In machine translation, two new models are shaking up the field. The HY-MT1.5-1.8B and HY-MT1.5-7B combine efficiency with strong performance. They set new benchmarks for their size and question the need for ultra-large models dominating the market.
The Story
Machine translation powers global communication, breaking language barriers every day. Larger models have long led the pack, demanding heavy compute and resources. The HY-MT1.5 series flips this script. They deliver nearly the same quality with fewer parameters, cutting costs and resource use.

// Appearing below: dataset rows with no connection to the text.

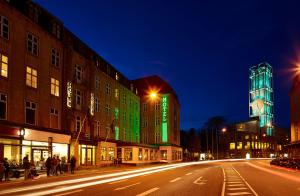 une rue de la ville avec des bâtiments la nuit et des lumières vertes dans l'établissement Scandic The Mayor, à Aarhus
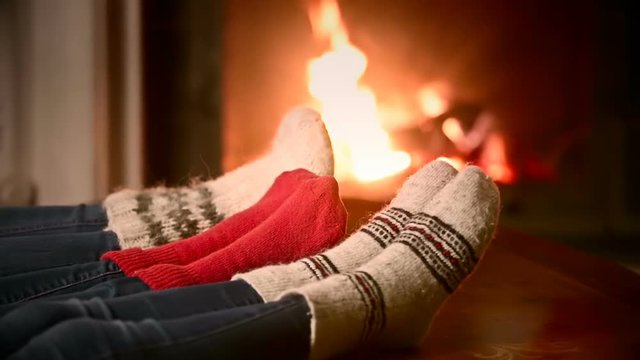 Closeup shot of mother, father and a child in woolen socks warming at the fireplace
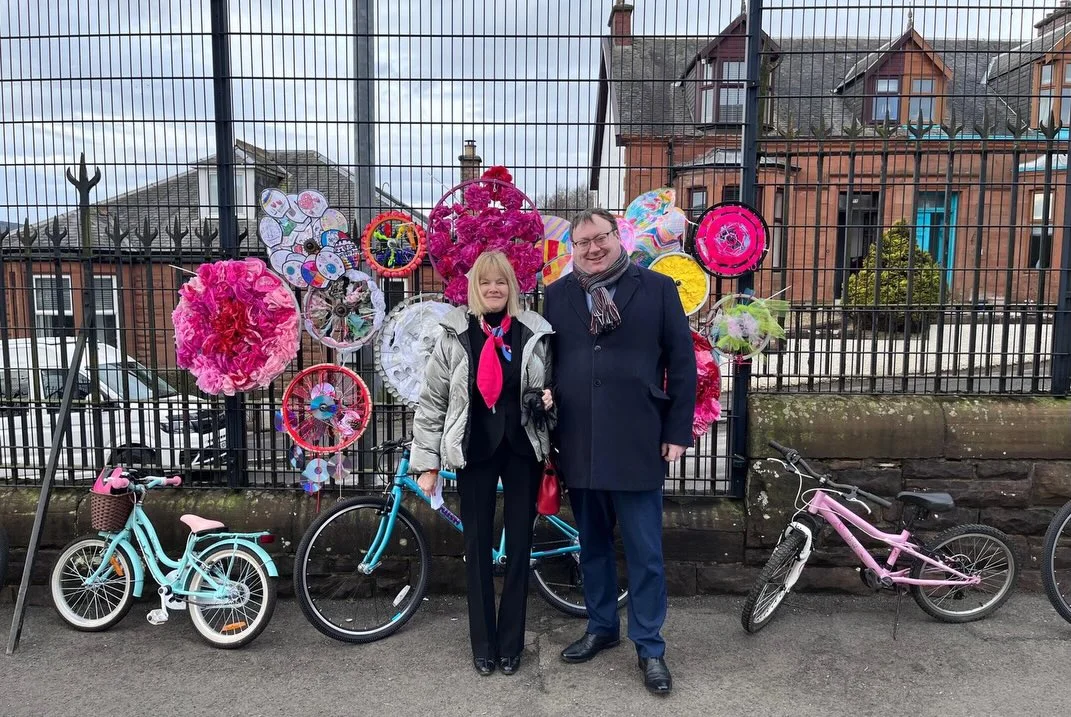 Two people standing in front of a display of decorated bicycle wheels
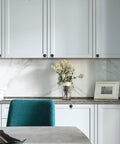 Modern kitchen with 10 Pack Black Round Cabinet Knobs on white cabinets, 1-1/5 Inch Single Hole Pulls for easy installation.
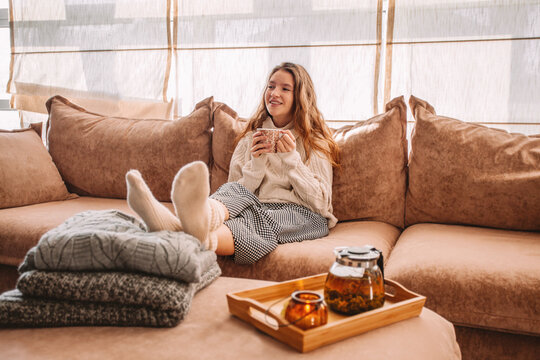 Happy woman relaxing on sofa at home on bright winter morning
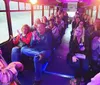 A group of people are sitting on a bus with purple lighting some smiling and clapping suggesting a lively atmosphere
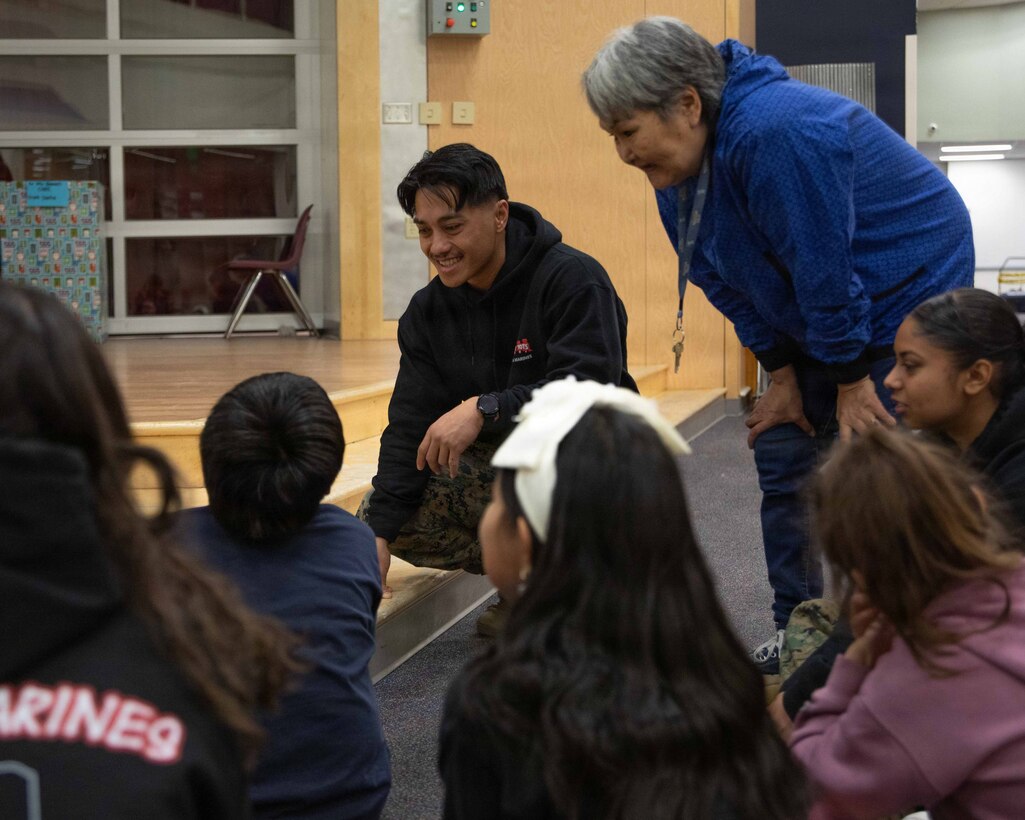 U.S. Marine Corps Gunnery Sgt. Niko Q. Azucenas greets a small class of children attending June Nelson Elementary School in Kotzebue, Alaska, Dec. 8, 2025. Azucenas is a military police officer with Detachment D Company, 4th Law Enforcement Battalion, Force Headquarters Group and is a native of Texas. Marines with 4th LEB delivered toys to the school with the assistance of U.S. Airmen from various units during this year’s Toys for Tots operation. The Toys for Tots mission exemplifies the Marine Corps spirit in the Last Frontier, strengthening community ties while sharpening the Marines' readiness for Arctic operations. (U.S. Marine Corps photo by Cpl. Orion Stpierre)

These models outperform bigger open-source options like Tower-Plus-72B and Qwen3-32B, plus commercial APIs such as Microsoft Translator and Doubao Translator. According to recent research (arXiv:2512.24092v1), they hit about 90% of the performance of ultra-large proprietary models like Gemini-3.0-Pro. They also excel on benchmarks like WMT25 and tests involving Mandarin-minority languages.
The Context
The HY-MT1.5 models were built by a team including Mao Zheng, Zheng Li, Tao Chen, Mingyang Song, and Di Wang. With 1.8 billion and 7 billion parameters, these models deliver strong results without the massive compute costs of their larger rivals. They use a multi-stage training process: general and machine translation pre-training, supervised fine-tuning, on-policy distillation, and reinforcement learning.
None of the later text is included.